General Electric shock and after

19 Apr 2008

It is not everyday that a company sheds nearly $45 billion in market capitalisation. There are not many companies with that kind of market value anyway for that matter. This jaw- dropping crash befell the General Electric stock last week, when the company's quarterly profits fell short of analyst expectations and the profit forecast for the current year was cut. The stock fell 12.8 per cent that day, its worst single day decline since Black Monday, 1987.

GE's results triggered yet another wave of panic in the financial markets as analysts became more convinced that credit market troubles are deeper than expected. More are now willing to buy the argument that credit troubles have started affecting areas of the economy which were earlier considered insulated and it will be a while before the global economy shakes off the after-effects of the ongoing crisis. (See: GE downed by credit woes in Q1 2008; reports first decline in profits since 2003)

Why the surprise hurt so much
On the face of it, it is surprising that the weak numbers from General Electric surprised so many. After all, GE derives more than half of its profits from financial services and this is not exactly a period of soaring profits for financial services firms. The company's financing arm, GE Capital Services, is just another giant financial services firm with businesses ranging from commercial finance to credit cards. GE Capital escaped heavy bruising until now as it did not have much exposure to mortgage-backed securities like the big banks and securities firms.

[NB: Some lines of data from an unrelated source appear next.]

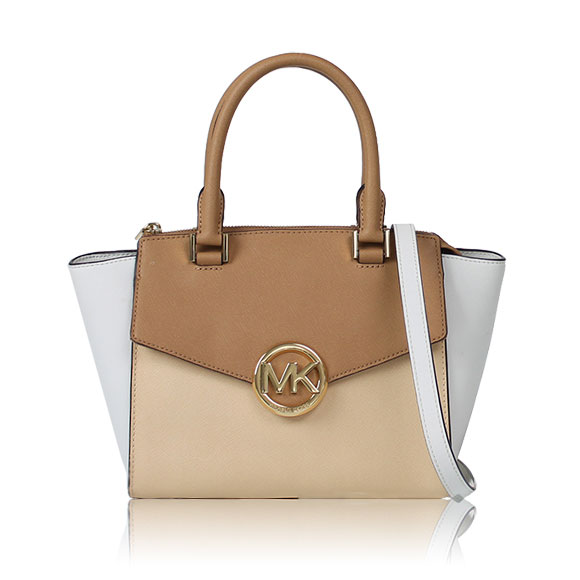 Michael Kors ハドソン 24 x21 x12cm(幅 x 高さ x マチ)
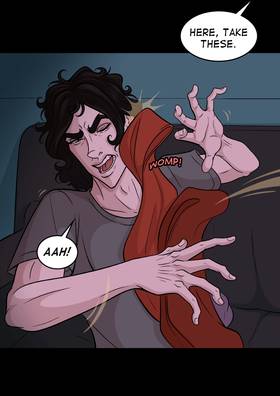 Read Lone Stitcher  27 Page 8 in English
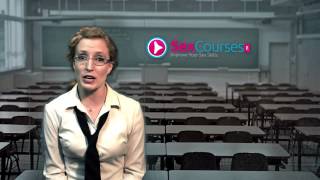 What is Anal Sex? | SexCourses.tv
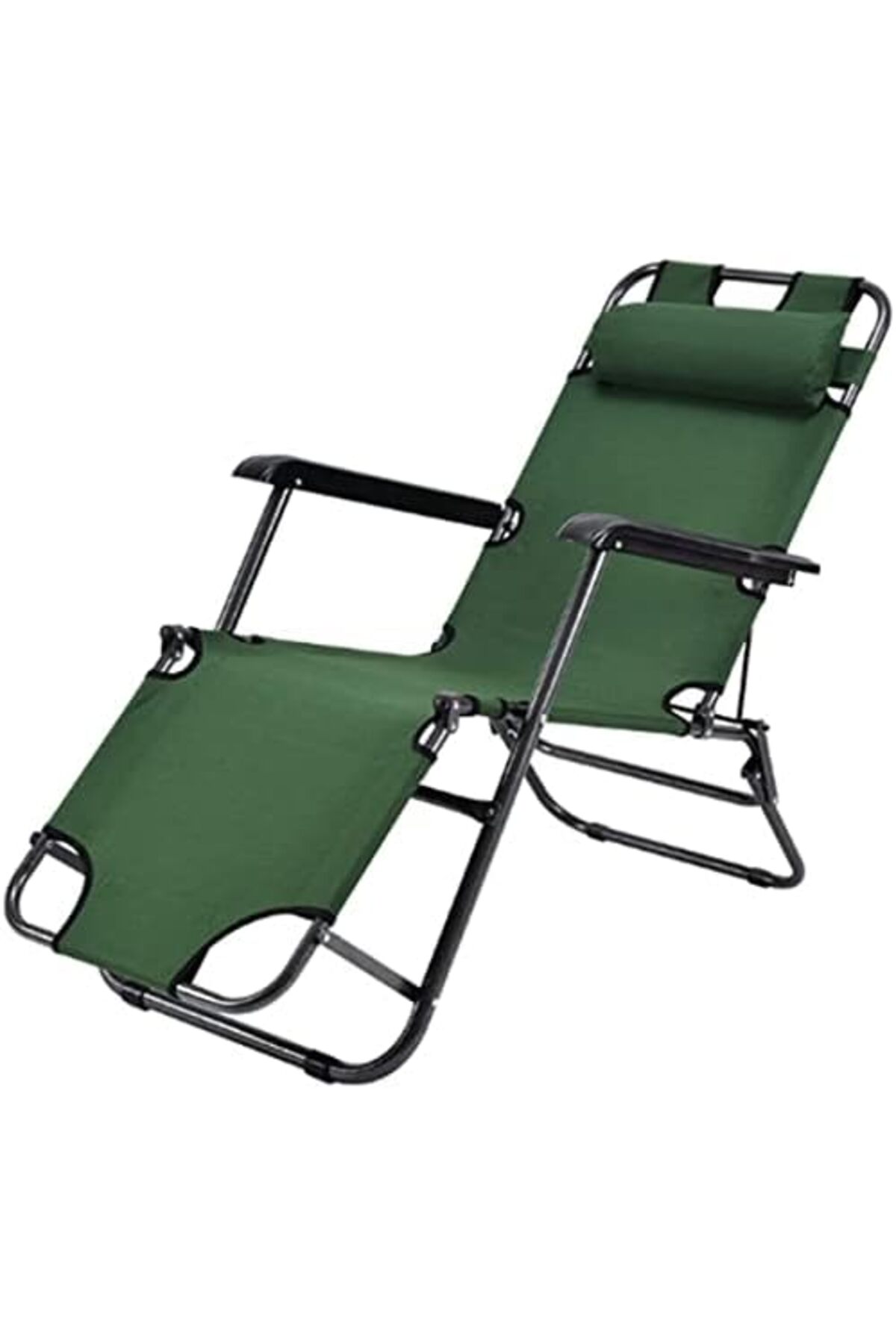 GO2CAMPS Folding Zero Gravity Camping Chair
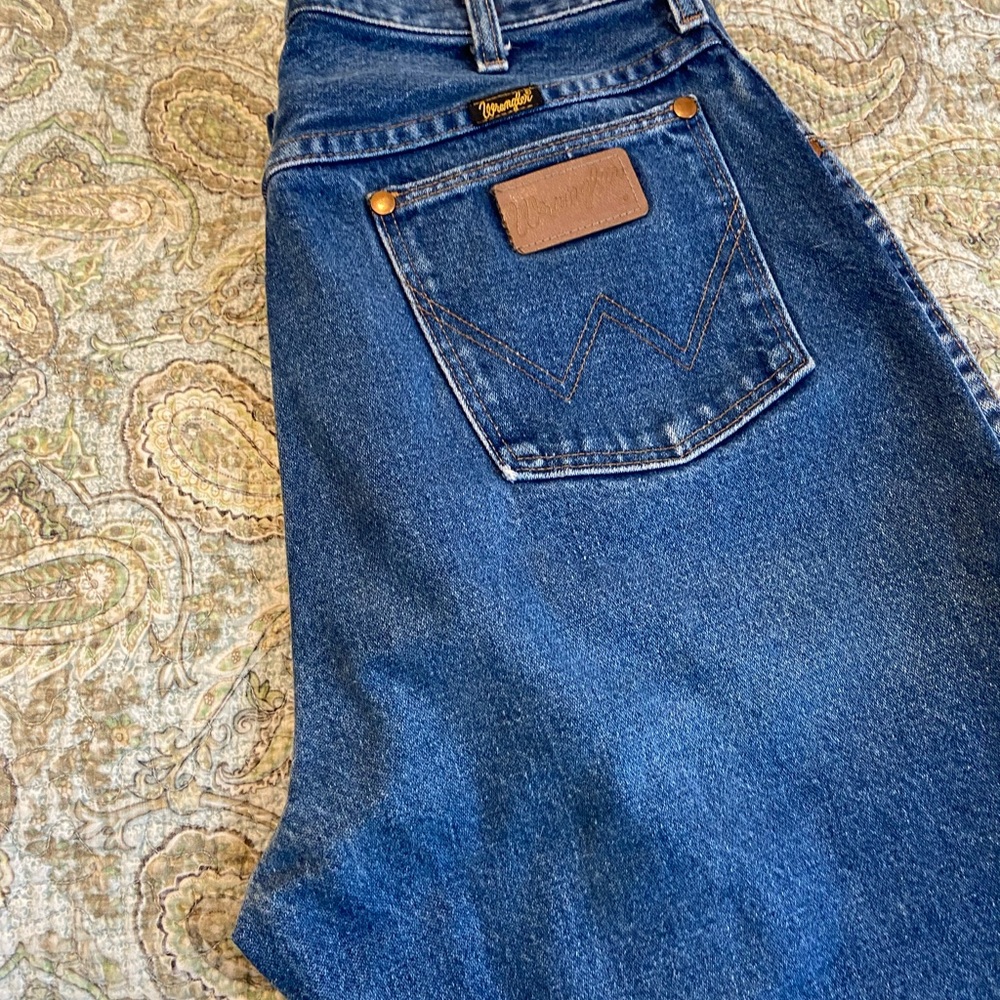 Wrangler Jeans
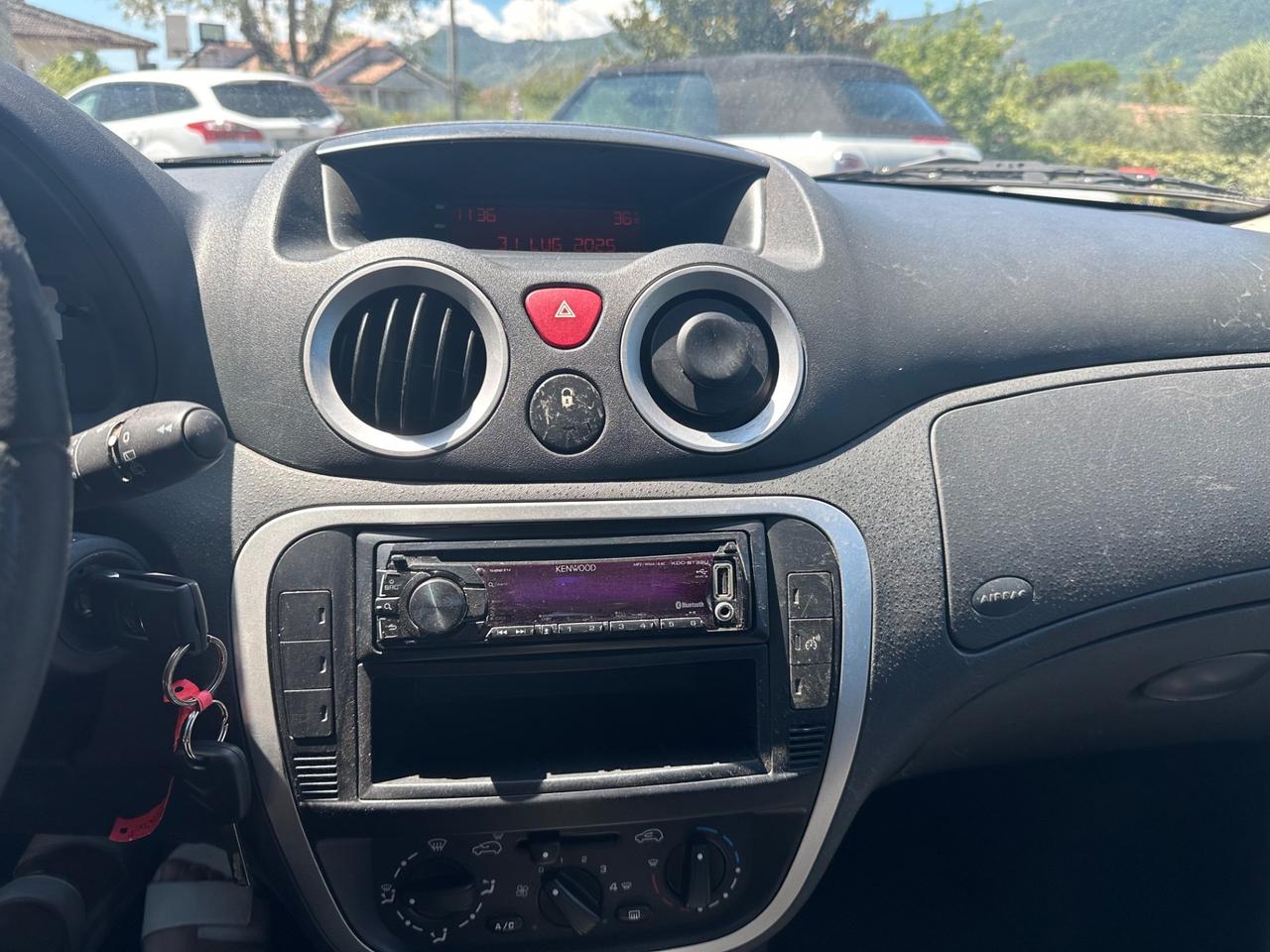 Citroen C3 1.1 Perfect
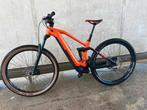 Cube 140p elektrische mountainbike, Ophalen of Verzenden, Zo goed als nieuw, Cube
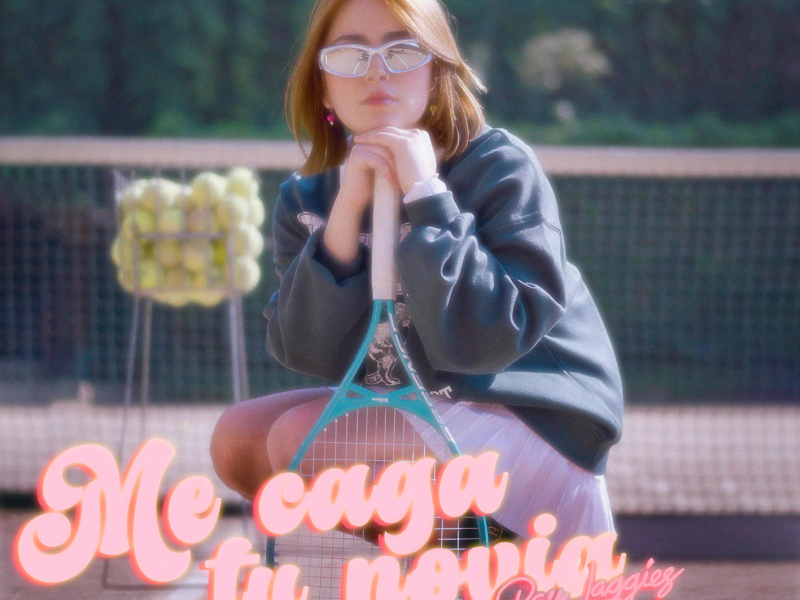 Me Caga Tu Novia (Sped Up Version) (Single)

But, GE Capital couldn't fully escape the ravages of the liquidity squeeze. The division couldn't complete some real estate and other transaction during the last weeks of March, presumably because lack of liquidity deterred potential buyers. GE also wrote down its investment portfolio, including securitised assets, by $270 million for the quarter. That seems peanuts when compared to the billions of dollars written off by big banks. But, GE was not expected to have a rough day at all.

Jeffrey ImmelIn the words of Jeffery Immelt, GE CEO, ''the last two weeks in March were a different world in financial services''. Yet, much of the disappointment was Immelt's own making. Until mid-March, the CEO of the world's premier industrial conglomerate was very confident that his company would meet its profit targets.

He presented a 10-per cent profit growth forecast for 2008 as a fait accompli, by claiming early this year that it is 'in the bag'. That forecast has now been cut in half. The results and the revised forecast showed that even Immelt was clueless about his company's performance, barely two weeks before the close of the quarter.

JAck WelchImmelt has a 'credibility problem', according to his mentor, predecessor and GE's high-profile former CEO Jack Welch. ''Here's the screw-up: You made a promise that you'd deliver this, and you missed three weeks later'', Welch said. GE CEO's are supposed to do better than that. ''I'd get out a gun and shoot him if he doesn't make what he promised now'', Welch promised.

''We let people down. That's not what we want people to expect of GE. We hate disappointing investors. It's not part of the company. It's not part of the culture. We take accountability for that'', Immelt owned up.

It ain't no ordinary company
Now, GE is not any other company to dismiss an unexpected downward shift in its business fortunes as inconsequential. It is the most diversified multinational, with a finger or toe on everything from aircraft engines to small-ticket consumer loans and television broadcasting. GE is the closest corporate proxy to the global economy one can get – if the global economy is doing well, GE will do well and vice versa. Just as Citibank's troubles heralded the deep crisis that has engulfed banks and financial services companies, many now fear that GE's difficulty in meeting its numbers will be repeated across other similar businesses.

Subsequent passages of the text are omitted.